Iraqi Prime Minister Haider al-Abadi speaks during the first session of the new Iraqi parliament in Baghdad, Iraq September 3, 2018. (Reuters)
Iraq’s top two parliament groups urge PM to resign
• Basra has been rocked by protests since Tuesday, with demonstrators setting ablaze government buildings, the Iranian consulate and the offices of pro-Tehran militias and political parties.
• At least 12 demonstrators have been killed and 50 wounded in clashes with security forces, according to the interior ministry.
Updated 22 sec ago
September 08, 2018
BAGHDAD: The two leading groups in Iraq's parliament on Saturday called on Prime Minister Haider Al-Abadi to resign, after lawmakers held an emergency meeting on unrest shaking the country's south.

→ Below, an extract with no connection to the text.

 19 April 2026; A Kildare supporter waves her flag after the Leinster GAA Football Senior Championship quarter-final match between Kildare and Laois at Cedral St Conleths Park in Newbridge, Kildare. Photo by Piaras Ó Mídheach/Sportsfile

"We demand the government apologise to the people and resign immediately," said Hassan Al-Aqouli, spokesman for the list of populist Shiite cleric Moqtada Sadr that won the most seats in a May election.

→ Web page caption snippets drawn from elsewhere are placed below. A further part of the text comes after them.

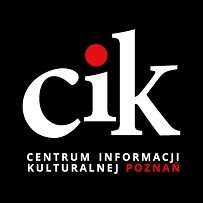 Na czarnym tle biały napis CIK - Centrum Informacji Kulturalnej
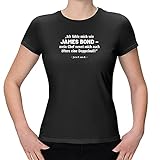 T-Shirt James Bond - Jana aus Kassel James Bond Geheimagent 007 15 Farben XS-3XL Chef Arbeit lustige Sprueche Witz Fun Satire Rede, Farbe:schwarz - Logo Weiss, Größe:3XL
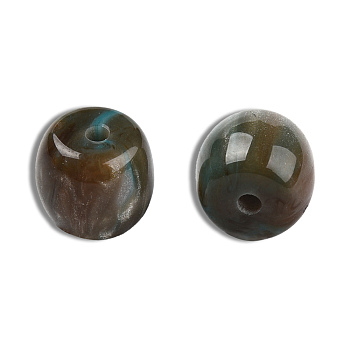 Resin Beads, Imitation Gemstone, Barrel, Light Sea Green, 8x7mm, Hole: 1.6mm
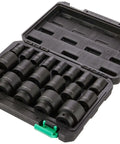 19 Piece One Half Inch Drive 6 Point Shallow Impact Socket Set With Cr-Mo Steel, SAE Size Markings in a heavy duty carrying case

The announcement dealt a severe blow to Abadi's hopes of holding onto his post through a parliamentary bloc unveiled just days earlier with Sadr, a former militia chief.
Ahmed Al-Assadi, spokesman for the second-largest list, the Conquest Alliance, condemned "the government's failure to resolve the crisis in Basra", a southern city where 12 protesters were killed this week in clashes with security forces.

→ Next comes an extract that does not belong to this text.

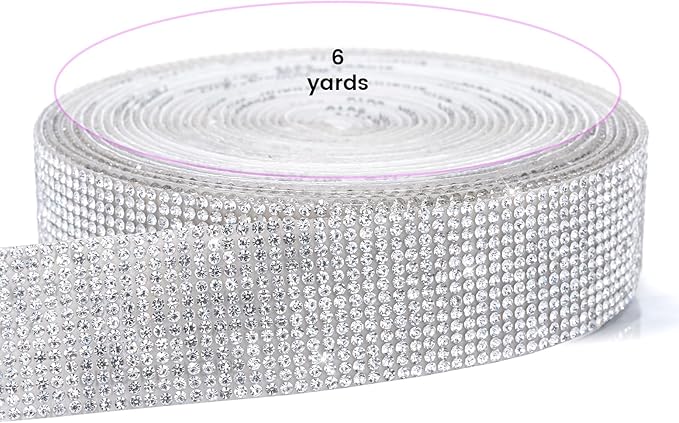 Novani Self Adhesive Rhinestone Ribbon, 1.14 Inch Wide 6 Yards 1 Roll, Silver Crystal Diamond Bling Strips for DIY Crafts, Home Decor, Glitter Glass Rhinestones Tape for Crafting, Car Decoration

The Conquest Alliance was "on the same wavelength" as Sadr's Marching Towards Reform list and they would work together to form a new government, Assadi said.
Abadi defended his record in parliament, describing the unrest as "political sabotage" and saying the crisis over public services was being exploited for political ends.
Anger in Basra flared after the hospitalisation of 30,000 people who had drunk polluted water, in an oil-rich region where residents have for weeks complained of water and electricity shortages, corruption among officials and unemployment.
Demonstrators have set fire to government buildings, the Iranian consulate and the offices of pro-Tehran militias and political parties.